= How to complete this task =
Filter the entries that follow, copying every line in which the word "Solid" appears.
--- START ---
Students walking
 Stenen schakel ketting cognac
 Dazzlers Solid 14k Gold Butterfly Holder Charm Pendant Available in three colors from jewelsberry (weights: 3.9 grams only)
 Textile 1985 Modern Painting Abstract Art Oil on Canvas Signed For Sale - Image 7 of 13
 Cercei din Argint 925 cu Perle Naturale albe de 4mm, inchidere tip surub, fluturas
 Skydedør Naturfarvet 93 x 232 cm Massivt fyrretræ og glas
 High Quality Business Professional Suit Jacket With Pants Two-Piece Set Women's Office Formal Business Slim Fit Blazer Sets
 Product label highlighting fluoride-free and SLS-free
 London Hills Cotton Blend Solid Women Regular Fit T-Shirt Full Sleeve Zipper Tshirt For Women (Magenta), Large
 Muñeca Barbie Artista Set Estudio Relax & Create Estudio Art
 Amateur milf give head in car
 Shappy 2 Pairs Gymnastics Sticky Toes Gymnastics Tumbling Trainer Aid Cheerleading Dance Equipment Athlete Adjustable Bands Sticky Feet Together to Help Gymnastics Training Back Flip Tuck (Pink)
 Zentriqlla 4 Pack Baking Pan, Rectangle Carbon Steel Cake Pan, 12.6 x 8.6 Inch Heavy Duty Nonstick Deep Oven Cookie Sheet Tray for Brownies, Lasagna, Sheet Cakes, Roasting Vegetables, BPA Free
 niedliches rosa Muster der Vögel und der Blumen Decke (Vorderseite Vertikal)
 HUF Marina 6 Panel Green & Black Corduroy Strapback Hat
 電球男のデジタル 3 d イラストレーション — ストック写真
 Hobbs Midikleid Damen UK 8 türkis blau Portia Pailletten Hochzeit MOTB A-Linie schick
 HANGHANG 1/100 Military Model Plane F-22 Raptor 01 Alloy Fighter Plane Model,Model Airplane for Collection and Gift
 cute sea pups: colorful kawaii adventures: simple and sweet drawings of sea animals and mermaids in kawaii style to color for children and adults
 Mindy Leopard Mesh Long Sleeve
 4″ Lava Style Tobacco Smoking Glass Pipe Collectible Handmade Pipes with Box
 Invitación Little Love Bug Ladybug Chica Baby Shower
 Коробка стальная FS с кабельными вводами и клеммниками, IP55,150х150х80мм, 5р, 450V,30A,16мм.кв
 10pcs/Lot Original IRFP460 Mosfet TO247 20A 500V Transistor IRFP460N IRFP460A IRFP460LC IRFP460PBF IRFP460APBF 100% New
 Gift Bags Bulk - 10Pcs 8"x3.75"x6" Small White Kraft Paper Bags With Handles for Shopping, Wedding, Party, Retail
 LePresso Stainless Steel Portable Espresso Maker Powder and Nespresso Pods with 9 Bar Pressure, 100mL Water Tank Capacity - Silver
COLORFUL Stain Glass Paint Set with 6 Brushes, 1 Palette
--- END ---
= Answer to this task =
 Dazzlers Solid 14k Gold Butterfly Holder Charm Pendant Available in three colors from jewelsberry (weights: 3.9 grams only)
 London Hills Cotton Blend Solid Women Regular Fit T-Shirt Full Sleeve Zipper Tshirt For Women (Magenta), Large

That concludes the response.